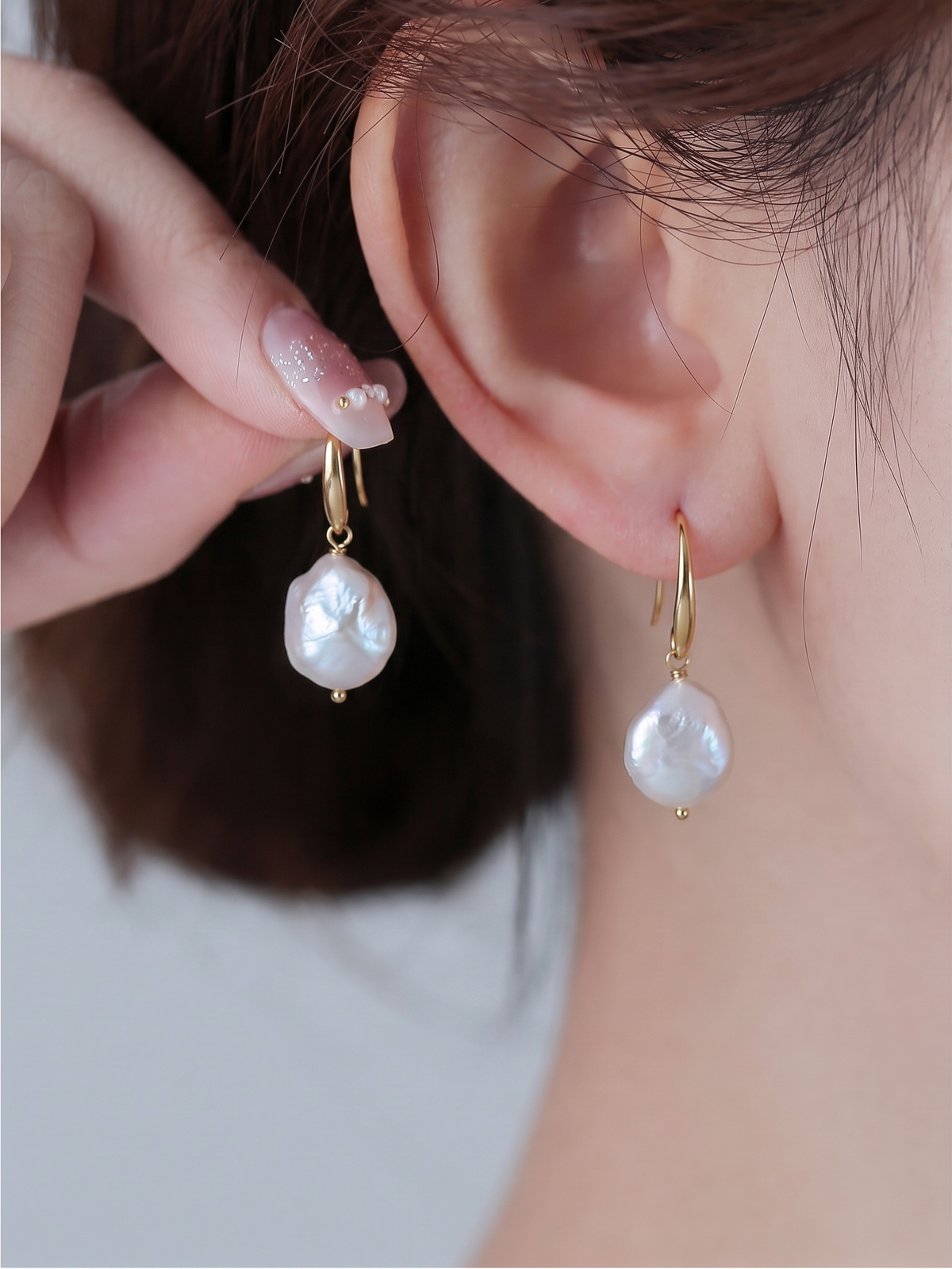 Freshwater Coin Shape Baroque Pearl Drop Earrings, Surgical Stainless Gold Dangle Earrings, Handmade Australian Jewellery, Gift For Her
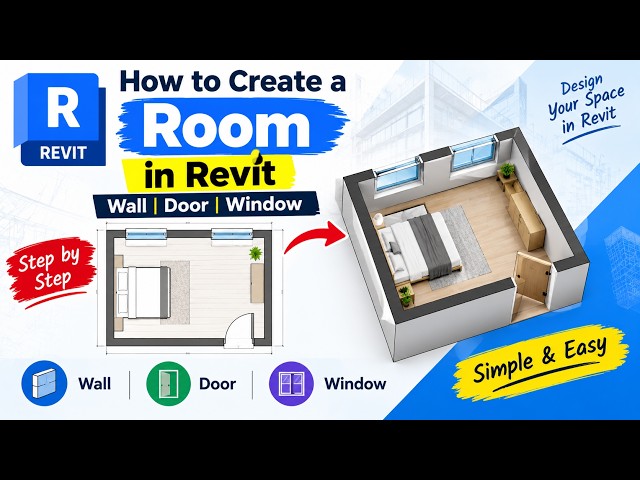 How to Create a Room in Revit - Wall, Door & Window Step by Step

= = = = = = =

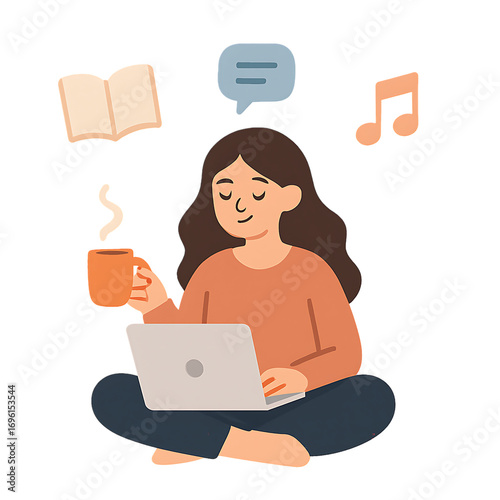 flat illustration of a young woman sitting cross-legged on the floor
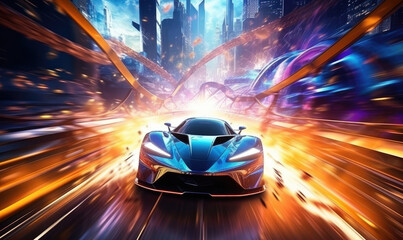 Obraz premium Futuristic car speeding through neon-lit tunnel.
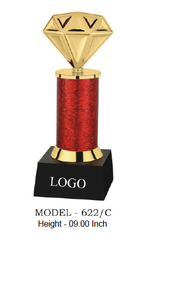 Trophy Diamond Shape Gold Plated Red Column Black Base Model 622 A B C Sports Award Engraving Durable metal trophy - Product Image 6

= = = = = = =

WHAT IS REQUIRED
Everything above from the line containing "Obraz premium Futuristic" through the line containing "Trophy Diamond Shape" must be repeated exactly, and the pictures must be left out.

ANSWER TO THIS EXERCISE
 Obraz premium Futuristic car speeding through neon-lit tunnel.
 Trophy Diamond Shape Gold Plated Red Column Black Base Model 622 A B C Sports Award Engraving Durable metal trophy - Product Image 6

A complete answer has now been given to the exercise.